Sie nennen ihn Hansi, nicht Hans-Dieter, wie es in seiner Geburtsurkunde steht. Hansi, das hat einen weicheren, netteren, freundlicheren Klang als das kühle "Hans-Dieter", das vielleicht zu den aktuell trüben Außen- und Innenansichten in München und im dortigen Fußball passt, nicht aber zu den Attributen, die man Hans-Dieter vulgo Hansi Flick gemeinhin zuschreibt. Er sei "der gute Mensch von München", attestierte ihm das Nachrichtenmagazin "Spiegel", als der FC Bayern Flick zum interimistischen Nachfolger des nach der 1:5-Niederlage gegen Frankfurt beurlaubten Trainers Niko Kovac ernannte.
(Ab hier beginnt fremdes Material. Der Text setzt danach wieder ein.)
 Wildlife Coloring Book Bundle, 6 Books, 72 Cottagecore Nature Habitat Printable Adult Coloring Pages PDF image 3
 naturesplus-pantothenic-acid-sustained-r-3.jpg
Und beinahe alle, die bisher einen Teil seines Karriereweges mit ihm gegangen sind, teilen diese Einschätzung: Kovac hatte sich Flick im Sommer als seinen Co-Trainer ausdrücklich gewünscht, Präsident Uli Hoeneß damals von einer "sehr guten Entscheidung" gesprochen, und Vorstandschef Karl-Heinz Rummenigge, ansonsten nicht immer einer Meinung mit dem scheidenden Klub-Patron, nannte ihn "eine wichtige Unterstützung und große Hilfe für Niko".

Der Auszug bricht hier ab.